At IBM, employee and family health is a global concern
For Kyu Rhee, MD, chief health officer and vice president of integrated health services at IBM, thinking about the health of employees is just the right thing for an employer to do.
“Given the number of hours we all spend working,” he said in a recent interview with Future Care, “all employers should be thinking about a culture of health.”
Of course, altruism isn’t necessarily IBM’s only motivation. With nearly 400,000 employees at 2000 sites in 170 countries, and with a significant annual healthcare investment, there are plenty of financial reasons, too. Either way, the challenge of promoting good health for employees while working to drive down costs gives IBM a lot of experience with developing effective employee programs.
As Rhee sees it, any employee health program “needs to be evidence-based and data-driven. It’s important to identify the specific issue you’re trying to address, both conceptually and concretely, then set the goals you’re trying to achieve.”
He noted that in India, for example, the law only requires automobile drivers to wear seat belts and motorcycle drivers to wear helmets, but their passengers are exempt from both. Statistics show, however, that the use of seat belts and helmets has a dramatic impact on the rate and severity of injuries. Consequently, IBM has a campaign to educate its Indian employees about the benefits of seat belts and helmets, has a requirement that anyone riding in IBM transportation must use these protections, and the company trains its staff to suggest the use of seat belts to visitors driving on IBM properties.
When it comes to more direct healthcare spending, Rhee noted that 80 percent of IBM’s healthcare spend involves six chronic disease conditions, including hypertension and diabetes. To help address those conditions, IBM gives employees access to an array of tools –including tele-health options, retail clinics and free wearable technologies – that will enable them to monitor their conditions while also enabling IBM to continue to collect de-identified, aggregated data in the name of developing new and better programs.

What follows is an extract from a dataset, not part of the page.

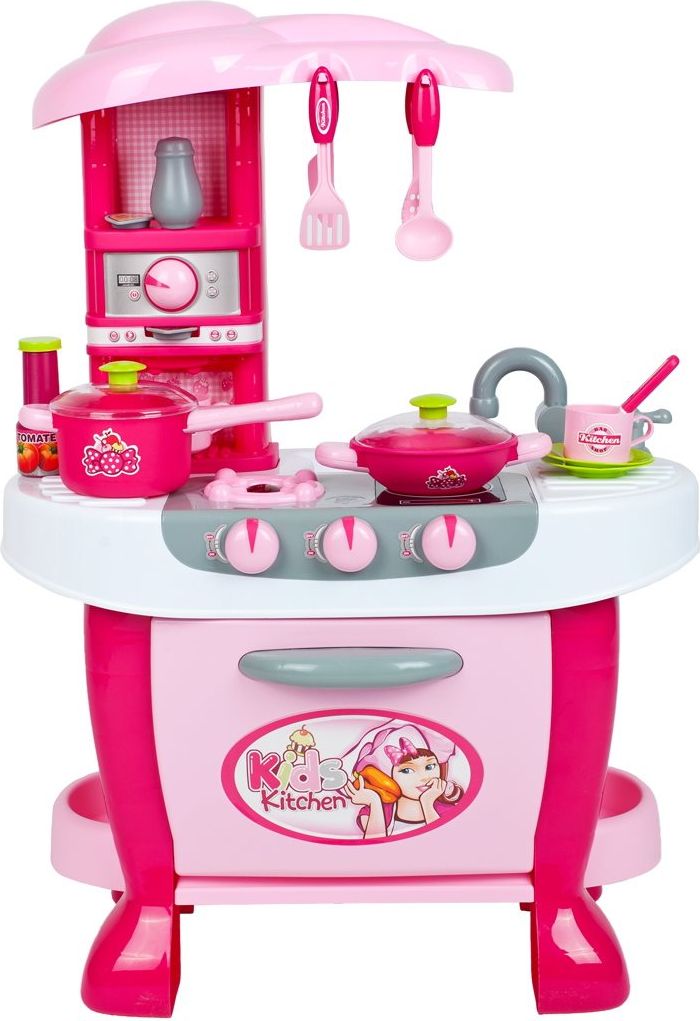 BABY MIX Velká dětská kuchyňka s dotykovým sensorem Baby Mix   příslušenství Růžová - obrázek 1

So how does the company determine the effectiveness of their array of programs? According to Rhee, there are four categories of performance indicators. The first, he said, involves constant attention to quality from primary to secondary to tertiary prevention. This include programs that prevent disease such as flu vaccinations, detect disease early such as cancer screenings, and treat disease such as medication adherence programs – “all meant to keep people healthy, productive, and high-performing.”
Next is a more traditional assessment of costs and ROI. “We are regularly assessing how our programs are affecting medical trends among our employees,” Rhee said, with the obvious intent of driving costs down.
The next indicator revolves around assessing the employees’ experience with the company’s programs through the traditional Net Promoter Score questions– “On a scale of 0 to 10, would you recommend Program X to a friend or colleague?” The follow-up question asks an open-ended qualitative question—“Why did you give that score?” The final indicator gauges the extent to which employees engage IBM’s offerings through both high-tech and high-touch means.
“Nothing is more important to us than trust,” Rhee said. “We are constantly trying to make the healthiest choice the easiest choice. We give them access to innovative resources and data-driven, evidence-based tools, including those powered by IBM analytics/insights like Watson (e.g., Welltok). Naturally, we want people to engage with the programs we offer, but it’s up to them. Our job is to do the right thing, and to empower our employees to do the same.”